## Pipelining in Python

Posted by mtomassoli on March 29, 2012

# Pipelining in F#

F# is a multi-paradigm language which targets the .NET platform and is based on OCaml, which is a variant of ML. Even though F# supports imperative and object-oriented programming, it’s mainly a functional programming language.

*Pipelining* isn’t a new idea, no doubt about it. Unix and Linux folks have been using it for a very long time. It’s also known as *forward-chaining* and is basically a *function application in reverse*. Transformations can be chained with the operator ‘|>’ in F#.

Let’s start with a simple example:

Seq.filter (fun i -> i%2 <> 0) (Seq.map (fun i -> i*i) (seq {0..40}))

Here’s one way to express that in Python:

filter(lambda i : i%2, map(lambda i : i*i, range(41)))

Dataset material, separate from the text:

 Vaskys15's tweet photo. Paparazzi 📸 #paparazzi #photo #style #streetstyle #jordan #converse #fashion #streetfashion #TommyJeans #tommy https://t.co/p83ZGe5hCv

We simply start with the list of the first 40 non-negative integers, square them and filter out the even ones. Therefore, we get an *iterable* which contains the following integers:

1, 9, 25, 49, 81, 121, 169, 225, 289, 361, 441, 529, 625, 729, 841, 961, 1089, 1225, 1369, 1521

Now let’s rewrite the F# version using pipelining:

seq {0..40} |> Seq.map (fun i -> i*i) |> Seq.filter (fun i -> i%2 <> 0)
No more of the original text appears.